Repeat only the lines from the one containing "Art Octopus Tentacles" to the final line below, exactly as they read, and leave every picture out.

Dataset records:
-- Opening Marker --
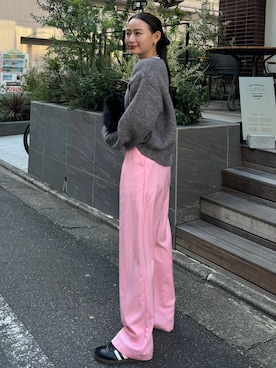 「Happy John（ハッピージョン）のアイテム」を使った、うるしさきあいさん（レディース・156cm）の秋コーディネート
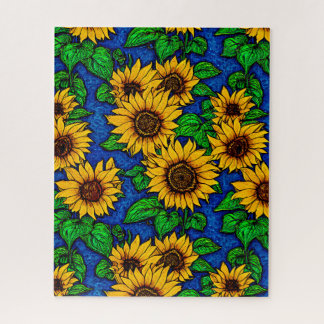 Puzzle Tournesols & Feuilles dorés sur bleu foncé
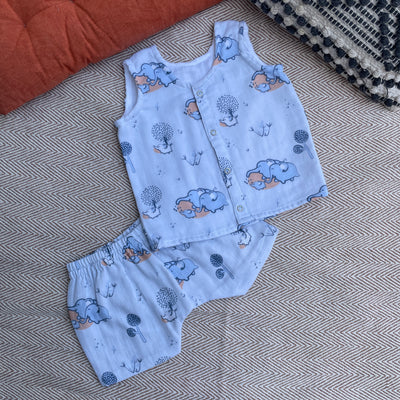 Muslin Jabla and Shorts Set for Kids | Elephant Print | Blue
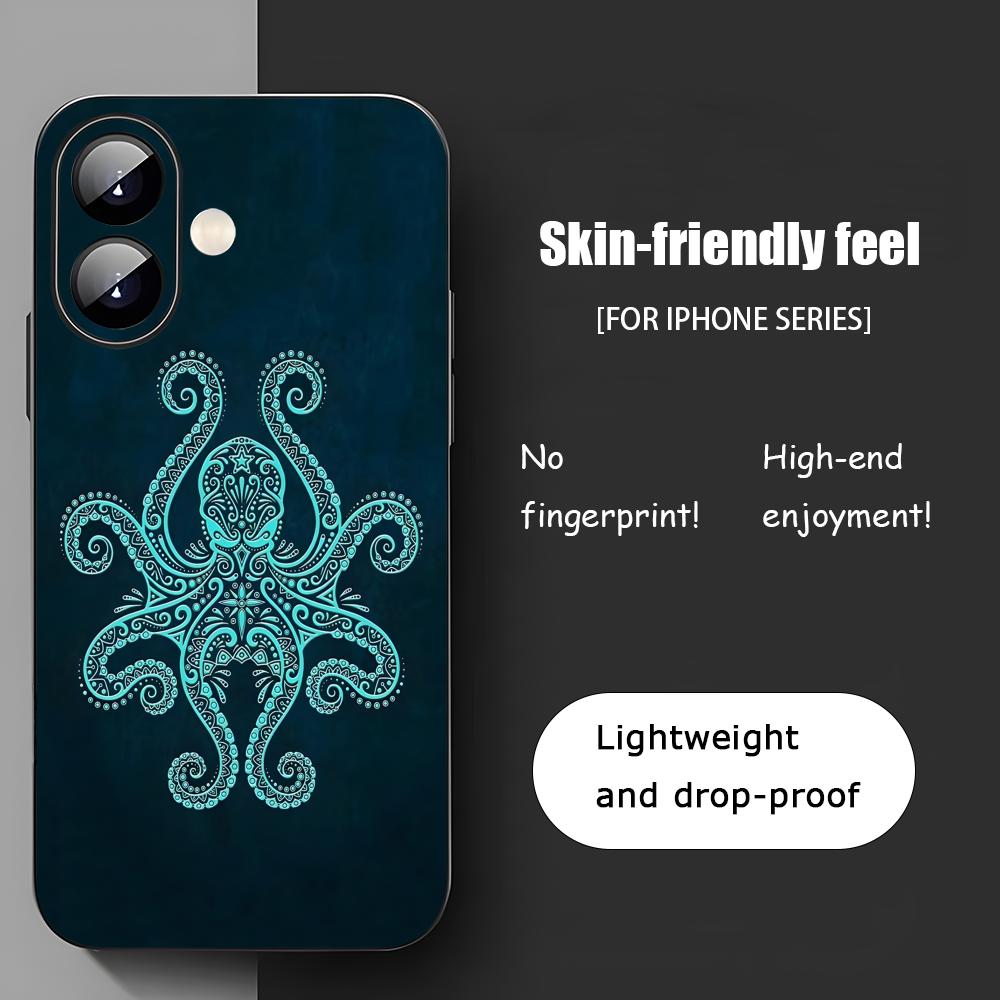 Art Octopus Tentacles Cool Phone Case For iPhone 17 16 15 14 13 12 11 X XR XS 8 Plus Mini Pro Max Soft Black Shockproof Cover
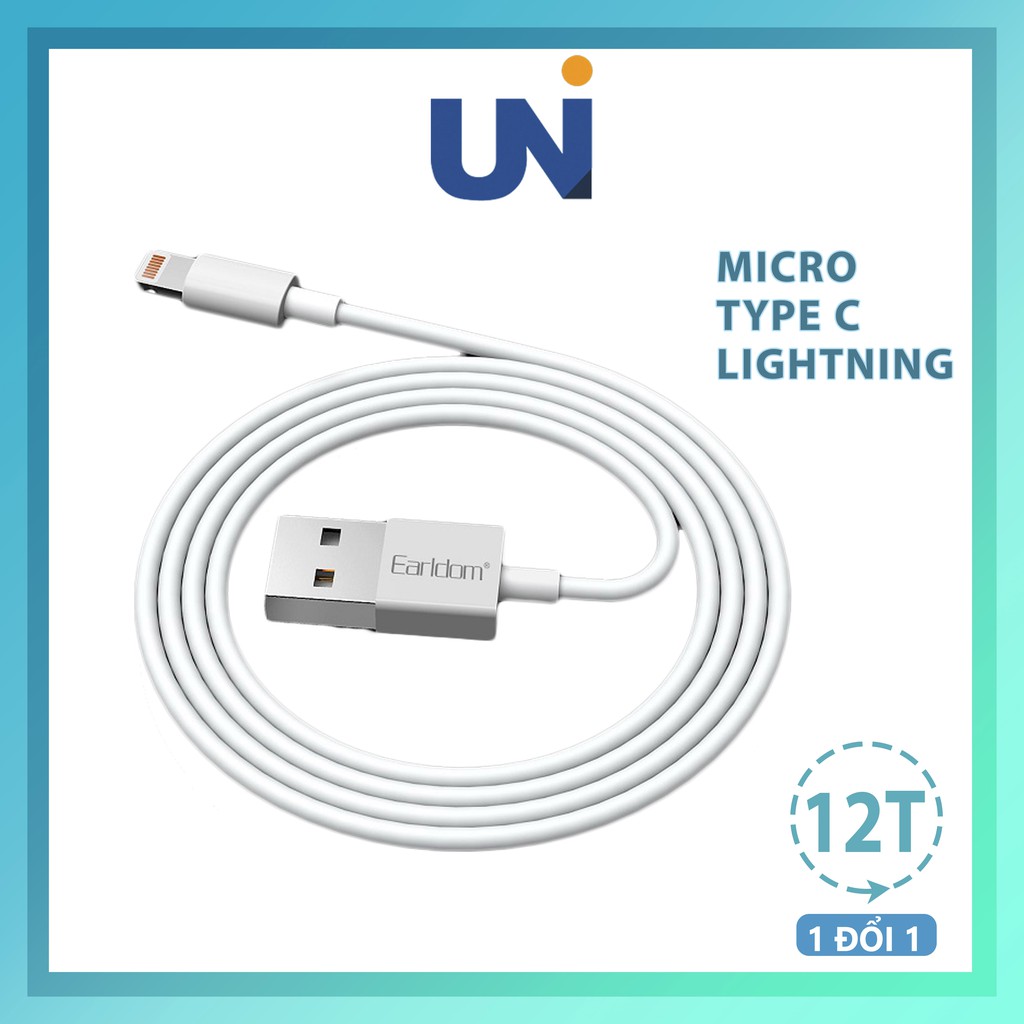 Cáp Sạc Nhanh 5A Earldom 1M EC-080 Đầu Micro Usb, Type C, Lightning Cho Điện Thoại Iphone, Samsung, Xiaomi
-- Closing Marker --
* _Written answer_
 Art Octopus Tentacles Cool Phone Case For iPhone 17 16 15 14 13 12 11 X XR XS 8 Plus Mini Pro Max Soft Black Shockproof Cover
 Cáp Sạc Nhanh 5A Earldom 1M EC-080 Đầu Micro Usb, Type C, Lightning Cho Điện Thoại Iphone, Samsung, Xiaomi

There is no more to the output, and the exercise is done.